> YOUR TASK: Take the records below and set down exactly the lines from the one with "Logo and Icon" to the one with "2012 Honda CR-Z", ends included; do not copy the pictures.

Data extracted from a collection
────────────────────

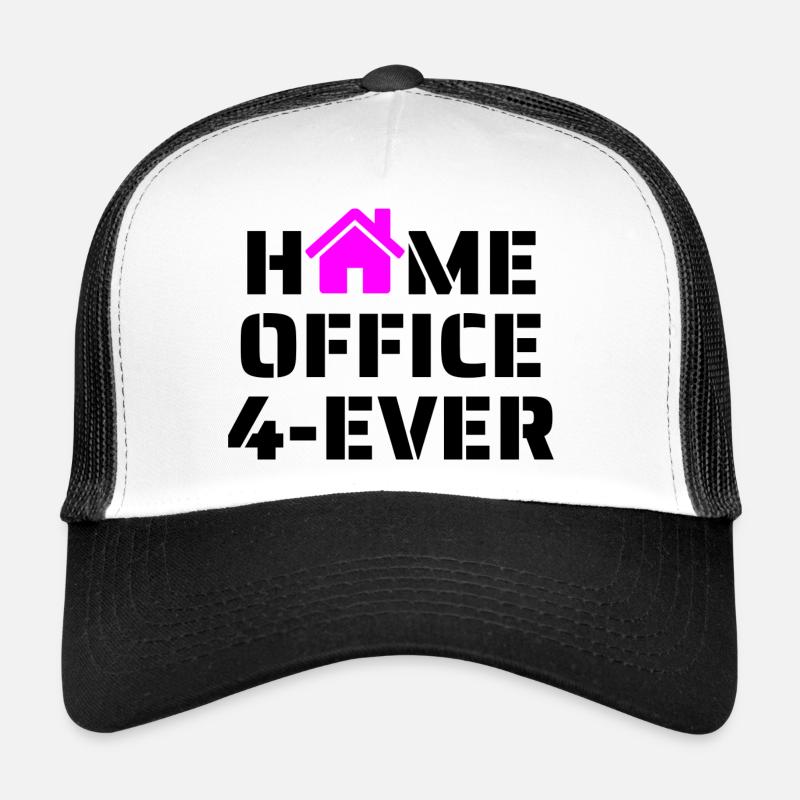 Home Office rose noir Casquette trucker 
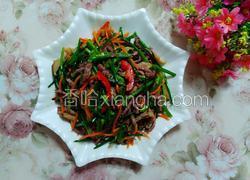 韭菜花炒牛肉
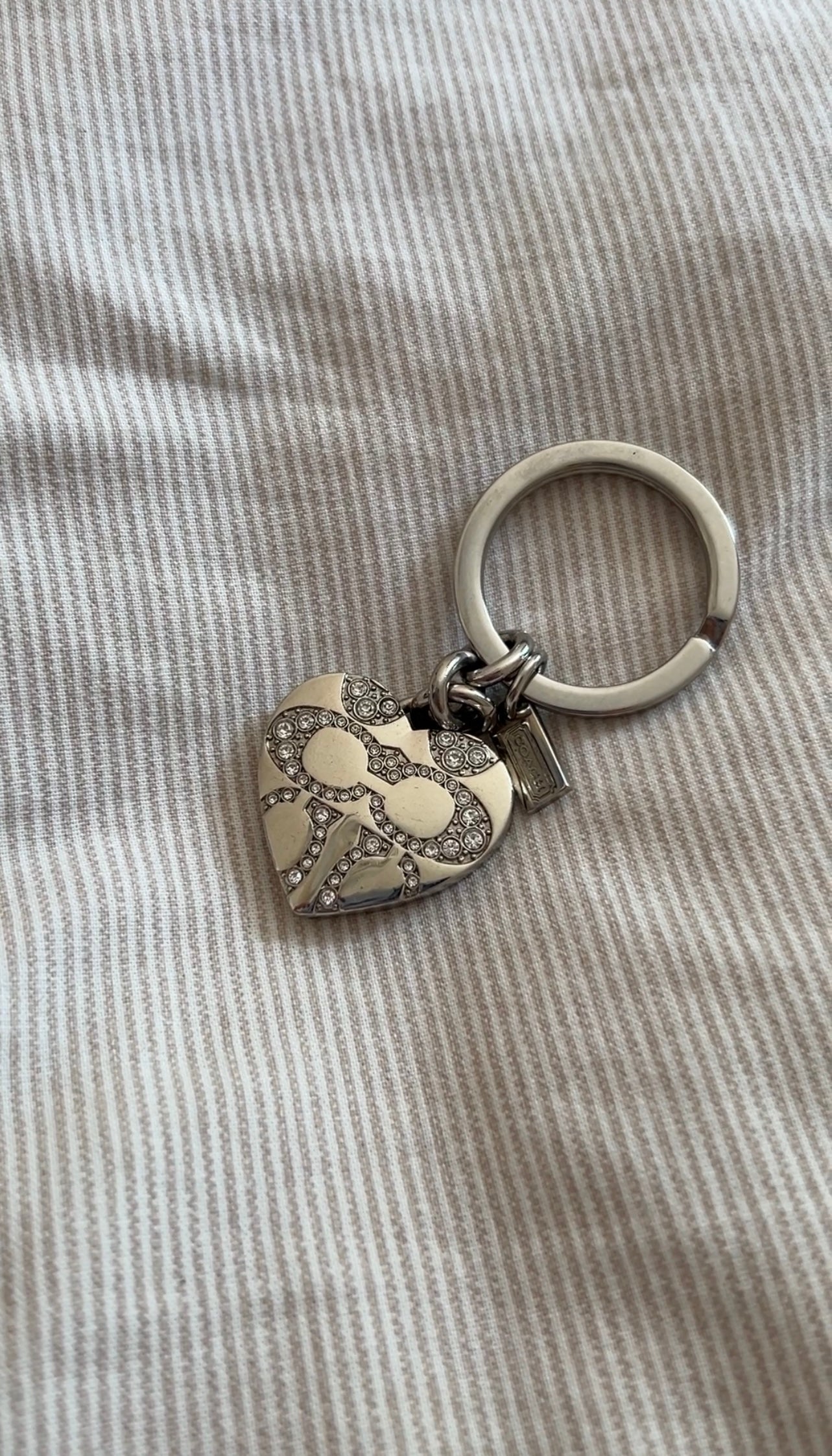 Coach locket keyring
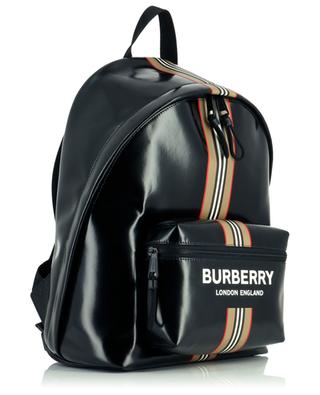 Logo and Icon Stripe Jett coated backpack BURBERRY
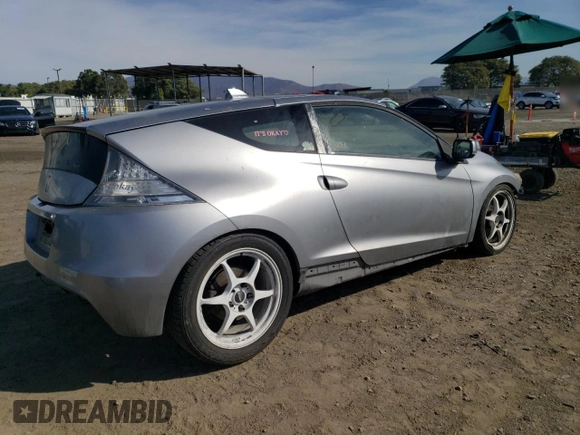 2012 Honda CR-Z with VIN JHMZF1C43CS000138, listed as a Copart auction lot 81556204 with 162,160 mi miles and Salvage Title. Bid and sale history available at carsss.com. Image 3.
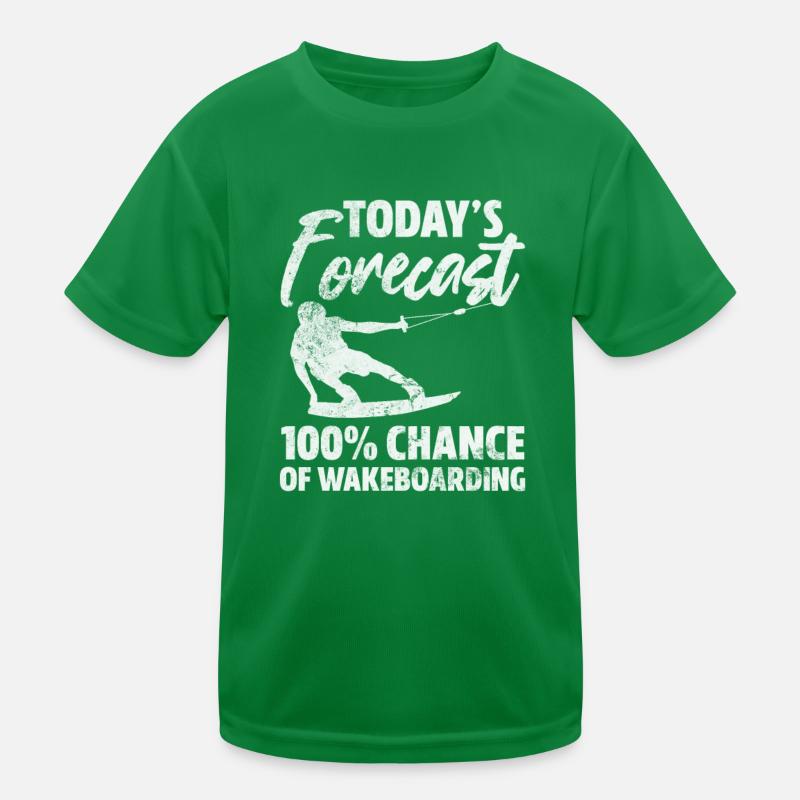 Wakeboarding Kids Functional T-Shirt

────────────────────

> SOLUTION BELOW:
 Logo and Icon Stripe Jett coated backpack BURBERRY
 2012 Honda CR-Z with VIN JHMZF1C43CS000138, listed as a Copart auction lot 81556204 with 162,160 mi miles and Salvage Title. Bid and sale history available at carsss.com. Image 3.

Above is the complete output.